A LATE-SUMMER WALK IN THE SHOES OF A LOCAL GROWER

As late summer begins to turn to autumn, the atmosphere changes on the island of Tjörn. Hordes of summer guests leave the island and are replaced by a calm stillness. But it is also a time for harvest festivals. So, welcome to Tjörn in September to enjoy the tranquility and seasonal produce!

The island of Tjörn in southern Bohuslän is home to local producers who grow, bake and make everything from bread to vegetables. September is the perfect time to come here and sample all the goodies. It’s possible to travel around the island to visit the main producers in one day, or spend a little longer to enjoy the peace and quiet while staying overnight.

Start the day with a visit to Mölnebo odlingar (Mölnebo farms) on Tjörn's southern tip, where you’ll find herbs, root vegetables, flowers and vegetables. Pick your own tomatoes in the ‘tomato house’ – anyone who has ever picked tomatoes directly from the plant knows how much sweeter they taste than shop-bought varieties! There’s no doubt that Lars-Erik and Camilla run their organic farming with a great deal of care. If you are curious about what will be ready for harvest during your visit, why not give them a call ahead of time?

World-class herring and shellfish

After working up an appetite at Mölnebo, it’s time to enjoy a locally produced lunch; what would be more suitable than the pride of Klädesholmen, Salt & Sill. The so-called ‘boat-el’ is Sweden's first floating hotel and its restaurant has been a contributing force in raising the profile of the herring as a dining experience. Try their specialty ‘sillplanka’ (herring platter) or taste what may be the world’s best seafood – caught in the cold, fresh waters of the North Sea. After your meal, stretch your legs with a walk around the island's narrow streets, often named after those who once lived there: Skomakaregatan (Shoemaker Street), Kustroddarvägen (Coastal Rower’s Road) and Guldsmedsviken (Goldsmith’s Bay). The densely populated island is largely lined with white wooden houses, typical of the Bohuslän coast, built on and around the barren cliff landscape.

Lotta knows her sourdough

Back across the bridge, in Bleket, you will find the sourdough bakery Lottas Bak & Form. Here, the focus is on the craftsmanship of Lotta Kristensson, who consistently uses organic, cultural cereals and sourdough. The whole grain flour is scalded, the eggs are collected directly from local ecological producers and in the bakery, the stone oven is as warm as the sea view is inviting. It is no wonder that the homely bakery and café attracts both local and faraway guests. Make sure you buy a dried sourdough to take home!
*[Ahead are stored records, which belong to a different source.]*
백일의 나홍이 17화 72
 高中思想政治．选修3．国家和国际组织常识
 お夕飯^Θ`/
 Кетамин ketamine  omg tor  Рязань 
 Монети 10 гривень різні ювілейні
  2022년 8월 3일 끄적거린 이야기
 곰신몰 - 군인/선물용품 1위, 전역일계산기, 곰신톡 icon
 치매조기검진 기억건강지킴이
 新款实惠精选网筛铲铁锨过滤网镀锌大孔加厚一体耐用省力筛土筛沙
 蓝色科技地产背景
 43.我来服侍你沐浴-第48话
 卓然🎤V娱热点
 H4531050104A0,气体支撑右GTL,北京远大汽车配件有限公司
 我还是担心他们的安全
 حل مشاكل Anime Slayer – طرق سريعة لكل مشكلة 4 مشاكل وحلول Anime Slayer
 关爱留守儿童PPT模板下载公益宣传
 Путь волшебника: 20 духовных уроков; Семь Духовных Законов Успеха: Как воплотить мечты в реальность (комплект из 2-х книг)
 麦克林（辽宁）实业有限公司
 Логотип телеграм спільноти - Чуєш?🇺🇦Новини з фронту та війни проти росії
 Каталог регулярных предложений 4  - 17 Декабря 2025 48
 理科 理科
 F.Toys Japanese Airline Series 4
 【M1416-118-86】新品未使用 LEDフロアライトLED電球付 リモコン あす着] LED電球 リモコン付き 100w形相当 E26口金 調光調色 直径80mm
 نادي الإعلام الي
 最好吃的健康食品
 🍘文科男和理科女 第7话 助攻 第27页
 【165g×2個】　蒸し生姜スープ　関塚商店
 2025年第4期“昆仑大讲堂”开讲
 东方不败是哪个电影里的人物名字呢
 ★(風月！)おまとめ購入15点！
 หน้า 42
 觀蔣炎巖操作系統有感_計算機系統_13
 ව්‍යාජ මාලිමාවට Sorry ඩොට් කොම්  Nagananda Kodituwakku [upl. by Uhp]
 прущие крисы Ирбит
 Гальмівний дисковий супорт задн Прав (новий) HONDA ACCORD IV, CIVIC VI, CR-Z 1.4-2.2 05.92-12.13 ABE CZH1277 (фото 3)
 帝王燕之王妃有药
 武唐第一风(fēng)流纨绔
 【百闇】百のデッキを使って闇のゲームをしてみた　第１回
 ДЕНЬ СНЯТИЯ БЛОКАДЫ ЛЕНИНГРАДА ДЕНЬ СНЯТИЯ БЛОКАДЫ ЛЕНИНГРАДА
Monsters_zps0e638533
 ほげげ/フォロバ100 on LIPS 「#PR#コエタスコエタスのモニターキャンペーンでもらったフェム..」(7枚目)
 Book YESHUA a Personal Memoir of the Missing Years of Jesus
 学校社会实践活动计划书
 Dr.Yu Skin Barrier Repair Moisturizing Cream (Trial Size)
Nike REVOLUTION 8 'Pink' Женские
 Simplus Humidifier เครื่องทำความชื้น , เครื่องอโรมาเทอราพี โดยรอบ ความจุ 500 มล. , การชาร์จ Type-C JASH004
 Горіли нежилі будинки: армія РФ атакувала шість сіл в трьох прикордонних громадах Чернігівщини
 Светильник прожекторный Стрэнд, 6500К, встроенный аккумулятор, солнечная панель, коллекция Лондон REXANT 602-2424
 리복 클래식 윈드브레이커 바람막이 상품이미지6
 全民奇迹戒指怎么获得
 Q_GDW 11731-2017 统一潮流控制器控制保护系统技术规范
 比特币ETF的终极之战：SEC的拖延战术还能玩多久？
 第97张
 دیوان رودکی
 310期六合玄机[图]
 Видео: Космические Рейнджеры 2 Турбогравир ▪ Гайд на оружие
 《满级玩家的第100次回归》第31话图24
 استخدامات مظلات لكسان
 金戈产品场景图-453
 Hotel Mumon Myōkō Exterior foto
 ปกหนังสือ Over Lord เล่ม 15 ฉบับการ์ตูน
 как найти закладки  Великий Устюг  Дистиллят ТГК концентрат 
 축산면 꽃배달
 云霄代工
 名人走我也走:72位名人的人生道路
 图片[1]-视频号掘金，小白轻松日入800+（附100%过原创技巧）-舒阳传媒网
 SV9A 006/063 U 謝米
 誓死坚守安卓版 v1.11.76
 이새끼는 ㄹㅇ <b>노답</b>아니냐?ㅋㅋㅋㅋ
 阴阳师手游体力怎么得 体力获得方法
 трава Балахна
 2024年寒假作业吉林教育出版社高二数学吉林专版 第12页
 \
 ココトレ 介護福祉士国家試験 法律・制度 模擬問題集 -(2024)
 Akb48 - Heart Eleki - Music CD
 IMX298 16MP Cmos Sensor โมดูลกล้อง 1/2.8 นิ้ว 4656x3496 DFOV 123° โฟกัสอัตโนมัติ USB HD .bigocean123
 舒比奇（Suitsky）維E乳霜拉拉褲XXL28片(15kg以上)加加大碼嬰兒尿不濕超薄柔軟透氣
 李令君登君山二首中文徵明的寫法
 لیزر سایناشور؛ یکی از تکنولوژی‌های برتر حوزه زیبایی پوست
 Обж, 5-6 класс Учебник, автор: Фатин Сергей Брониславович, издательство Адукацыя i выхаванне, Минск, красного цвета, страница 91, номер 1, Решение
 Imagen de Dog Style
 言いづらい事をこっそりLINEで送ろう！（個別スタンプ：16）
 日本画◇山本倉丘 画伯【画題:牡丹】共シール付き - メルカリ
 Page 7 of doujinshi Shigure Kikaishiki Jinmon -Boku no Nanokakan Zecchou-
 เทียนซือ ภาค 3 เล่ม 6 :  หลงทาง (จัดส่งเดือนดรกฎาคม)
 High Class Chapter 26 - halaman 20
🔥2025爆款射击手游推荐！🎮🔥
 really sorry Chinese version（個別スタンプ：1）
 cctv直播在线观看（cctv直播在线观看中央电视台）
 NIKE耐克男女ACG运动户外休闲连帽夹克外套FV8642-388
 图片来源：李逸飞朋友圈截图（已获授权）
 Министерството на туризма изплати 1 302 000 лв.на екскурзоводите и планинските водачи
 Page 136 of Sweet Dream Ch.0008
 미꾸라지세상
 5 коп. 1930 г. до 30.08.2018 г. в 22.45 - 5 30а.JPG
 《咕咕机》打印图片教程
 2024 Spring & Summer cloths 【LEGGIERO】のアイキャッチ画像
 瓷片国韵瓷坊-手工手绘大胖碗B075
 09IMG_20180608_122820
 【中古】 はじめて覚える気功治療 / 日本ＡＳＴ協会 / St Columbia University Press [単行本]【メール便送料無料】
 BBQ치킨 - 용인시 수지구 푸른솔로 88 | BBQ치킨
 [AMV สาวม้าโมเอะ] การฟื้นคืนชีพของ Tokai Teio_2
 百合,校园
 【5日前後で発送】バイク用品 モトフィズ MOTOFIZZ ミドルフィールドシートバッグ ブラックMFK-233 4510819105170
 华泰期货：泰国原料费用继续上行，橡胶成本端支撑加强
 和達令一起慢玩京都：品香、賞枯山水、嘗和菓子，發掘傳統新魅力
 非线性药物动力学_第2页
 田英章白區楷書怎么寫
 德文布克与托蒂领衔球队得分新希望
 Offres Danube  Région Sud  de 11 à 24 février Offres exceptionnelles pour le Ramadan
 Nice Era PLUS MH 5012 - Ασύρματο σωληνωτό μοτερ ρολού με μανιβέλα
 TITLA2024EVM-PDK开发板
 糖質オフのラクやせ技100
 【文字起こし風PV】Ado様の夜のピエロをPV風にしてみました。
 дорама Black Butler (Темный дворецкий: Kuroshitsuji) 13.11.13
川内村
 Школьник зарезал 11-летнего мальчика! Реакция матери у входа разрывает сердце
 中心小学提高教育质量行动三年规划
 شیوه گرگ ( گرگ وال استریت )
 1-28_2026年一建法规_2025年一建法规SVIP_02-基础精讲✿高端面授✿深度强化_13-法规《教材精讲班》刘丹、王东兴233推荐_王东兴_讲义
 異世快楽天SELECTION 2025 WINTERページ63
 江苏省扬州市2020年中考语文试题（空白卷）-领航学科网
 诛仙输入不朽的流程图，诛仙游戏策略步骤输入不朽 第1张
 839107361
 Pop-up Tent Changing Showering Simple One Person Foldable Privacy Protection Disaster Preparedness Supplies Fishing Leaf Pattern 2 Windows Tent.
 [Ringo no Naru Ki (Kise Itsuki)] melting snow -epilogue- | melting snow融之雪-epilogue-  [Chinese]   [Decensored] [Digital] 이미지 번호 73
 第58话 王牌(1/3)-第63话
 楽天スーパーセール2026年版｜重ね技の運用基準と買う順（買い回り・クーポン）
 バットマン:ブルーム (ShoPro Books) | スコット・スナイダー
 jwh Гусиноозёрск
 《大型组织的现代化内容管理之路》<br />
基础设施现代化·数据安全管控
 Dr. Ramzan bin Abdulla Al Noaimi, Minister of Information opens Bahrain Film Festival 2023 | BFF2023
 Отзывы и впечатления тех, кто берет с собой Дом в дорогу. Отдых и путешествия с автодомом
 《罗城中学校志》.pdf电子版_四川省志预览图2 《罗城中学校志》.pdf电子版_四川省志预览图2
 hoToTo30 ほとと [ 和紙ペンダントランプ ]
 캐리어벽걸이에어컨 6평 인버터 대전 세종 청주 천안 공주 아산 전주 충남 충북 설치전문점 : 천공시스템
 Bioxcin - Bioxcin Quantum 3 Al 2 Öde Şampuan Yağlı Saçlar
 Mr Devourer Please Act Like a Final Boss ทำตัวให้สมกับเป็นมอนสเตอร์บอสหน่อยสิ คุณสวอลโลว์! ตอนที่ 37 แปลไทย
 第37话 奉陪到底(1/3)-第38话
If the day’s activities are starting to take their toll, and you want to spend the night on Tjörn, there are several lovely options such as Salt & Sill's floating hotel, Hav & Logi (Sea & Stay) and Lekanders Bär & Boende (Lekander’s Bed & Berries).  The latter offers accommodation in a rural environment on a working farm where its berry fields can be seen from the windows.

Photographer: Amplifyphoto/ Markus Holm

Celebrate this year's harvest with us

A September trip to Tjörn must of course be crowned with a suitable finale. It’s therefore time to head north, more specifically to area between the islands of Tjörn and Orust, where you’ll find Sundsby Manor and its farm café, restaurant and shop. Many would agree that its red wooden houses, large trees and open grass areas give it a comfortable and relaxed atmosphere. The site is of significant cultural and historical value, having been heritage listed in 1981. Sense the history, explore the area's hiking trails, and enjoy a well-composed dinner as well as a cup of coffee with home-made snacks in the typically decorated dining room or on the outdoor terrace. Remember to check the date of the big harvest market before planning your visit. You won’t want to miss local growers and craftsmen filling the entire courtyard with everything from root vegetables and vegetables to honey, juice and lambskin. The harvest festival is a rich tradition that, besides all good food, usually offers lots of fun and games.